If bitcoins increase in value, the relative cost of electricity decreases, and the breakeven point for the network hash rate increases. If a mining device has an efficiency of 0.8 J/GH and electricity costs only 0.01 mBTC per kWh, the network hash rate at which mining would no longer viable would be 18,000 PH/s, corresponding to a difficulty of 2.5 trillion. So is it possible the hash rate could go even higher than it is today?

The ASIC designs in Table 8-1 show that the energy per hash drops as the feature dimensions decrease. If we assume that in the future high-efficiency 14 nm ASICs that use only 0.1 J/GH will exist, then at 0.01 mBTC/kWh the breakeven hash rate would be greater than 100,000 PH/s. Computer chips made with features smaller than 14 nm dimensions don’t exist yet, but Moore’s law13 has persistently defied predictions by skeptics that computer chips have reached the smallest feature sizes possible. Clearly, the network hash rate could potentially be enormously higher than it is today.

Decentralization in Bitcoin Mining

Bitcoin’s success depends on being a decentralized network. In its infancy, anyone could join the Bitcoin network as a mining node; however, now mining is done primarily by professionals with resources, expertise, and capital well out of reach of the average Joe. Is this trend recentralizingBitcoin? This is a subject of debate among Bitcoin users, miners, and developers.

Another related subject we haven’t discussed in detail yet is the limit to the number of transactions that can be included in each block. Obviously, a real, physical limit exists in the sense that an individual cannot include an infinite number of transactions in any block. However, a smaller limit is imposed as a rule in the Bitcoin protocol (i.e., although the physical limit might be in the range of millions of transactions per block, the rule-based limit is in the thousands of transactions range). The original purpose of this self-imposed limit14 was to prevent the blockchain from becoming bloated with pointless transactions (i.e., spam), but some have argued that the limit serves a greater purpose, which is to maintain decentralization.

In addition to having a computing device that can perform SHA256 hashes very quickly, mining nodes and relay nodes must have sufficient storage space to store a full copy of the blockchain. If the blocks that make up the chain become much larger than they are now, not only will miners need faster computers, but their systems will also need the capability of storing substantial amounts of data (possibly in the form of large data centers). This would further increase the capital requirements of miners and inevitably lead some to abandon the profession. Fewer mining nodes would make the network more centralized by degrees. For this reason, some miners have advocated for limiting the number of transactions per block to a small number (although this would ultimately drive up transaction fees). Is such a desire justified?

Although it’s a complicated issue, we can use the gold mining analogy to explain.
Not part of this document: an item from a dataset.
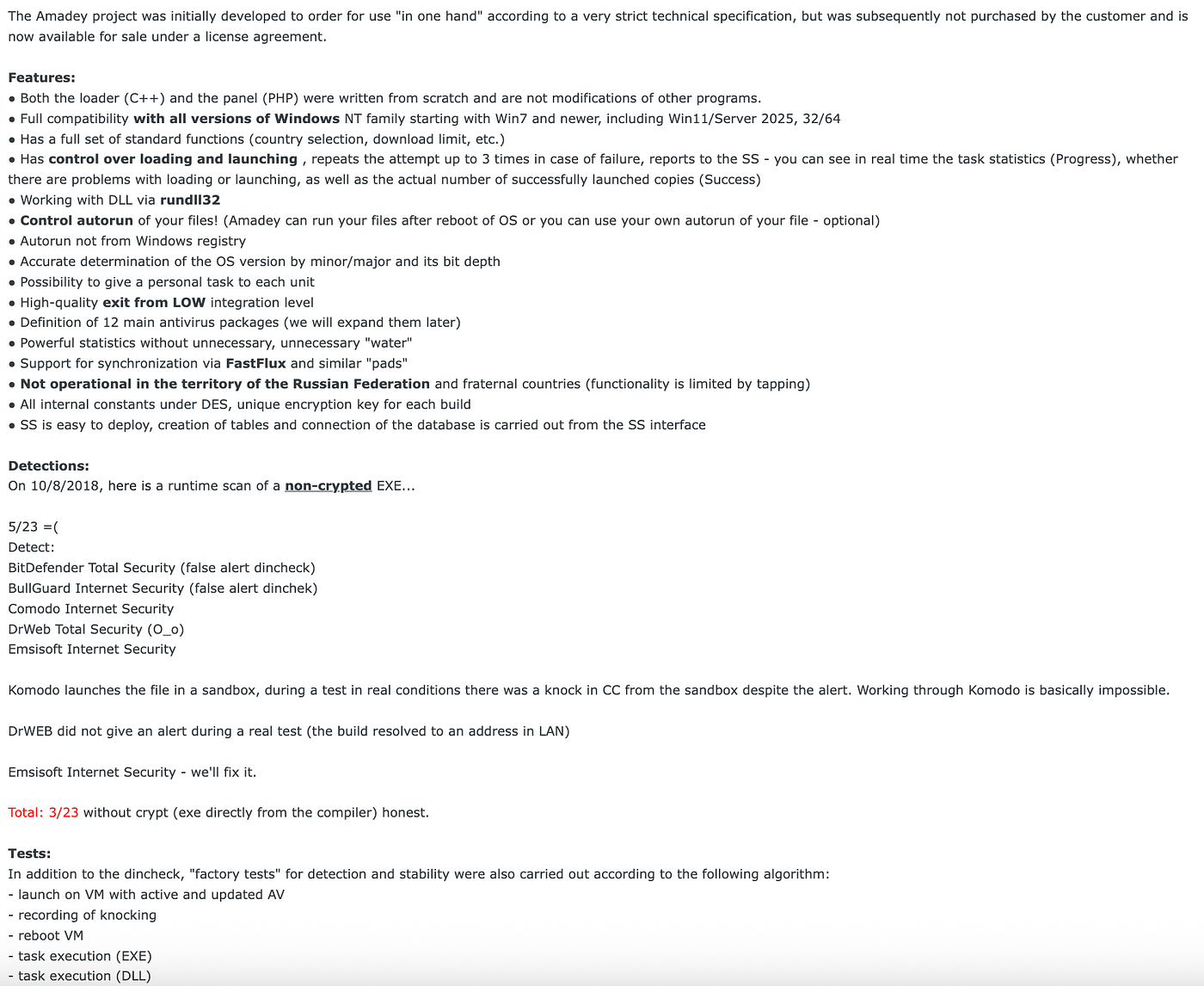 Hacker’s jargon: build (not to be confused with build in co)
Is gold a centrally controlled commodity? Very few people, by percentage, have the resources, time, and expertise to mine gold. However, no monopoly exists on gold mining; any well-financed venture can search for gold and attempt to mine it. Similarly, even though Bitcoin mining might no longer be viable for casual users and instead become a venture performed by companies and organizations, a single institution would never obtain sole control of Bitcoin mining. Nonetheless, it is best to keep a close eye on the future number of Bitcoin miners.